The Children's Institute, Oregon's leading early childhood policy organization, recently endorsed Gov. Kitzhaber's plan. Citing the plan's focus on data-driven outcomes, return on investment and a streamlined delivery system, the vote by board members was a unanimous sign of support for a plan that would implement many of the institute's policy goals.
Ironically, the economic crisis that continues to hobble Oregon has forced the dominant education-policy discussion away from a stubborn single-mindedness about funding to a refreshing focus on reform.
Before the Legislature now are bills that would set the governor's plan in motion.
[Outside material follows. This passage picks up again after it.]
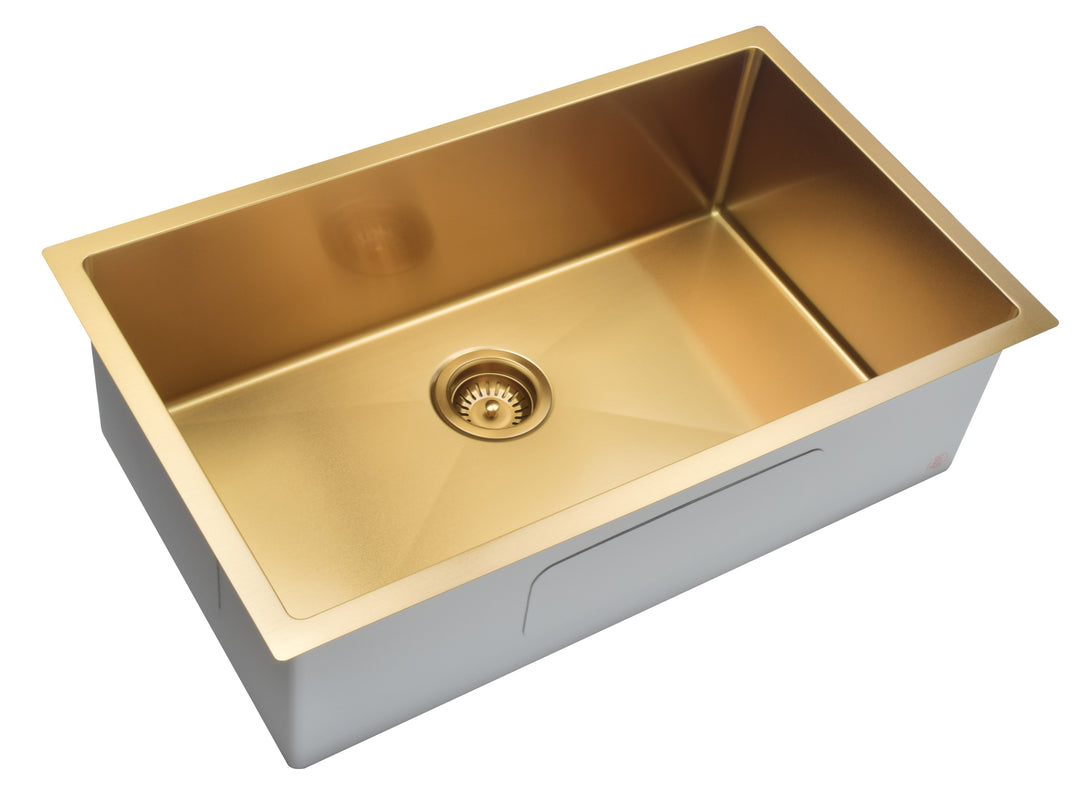 Brushed Brass Gold Undermount 100%-16 Gauge Commercial Grade Kitchen Sink Single Bowl 304 Stainless Steel with Nano Coated Technology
In particular, I encourage the Legislature to support the creation and funding of the Early Learning Council as a first step toward a thoughtful consolidation and integration of more than a dozen programs now spread across six state agencies.
Gov. Kitzhaber has answered a persistent call from all corners of the state to create a continuum of education from cradle to career; and the work has already begun. Experts and stakeholders, serving as a statewide team, are volunteering their time and talent to create an implementation plan. Everyone involved - directly or indirectly - should prepare to let go of the program silos that typify our current structure and hinder progress.
Now is the time for all of us to muster the courage necessary to change the direction Oregon is headed. In this crisis, and with this plan, Oregon has the opportunity to build on the work Booker T. Washington started more than 100 years ago. Starting this legislative session, let's begin the transition to a modern-day system of education that will pave the way to a more prosperous Oregon for everyone.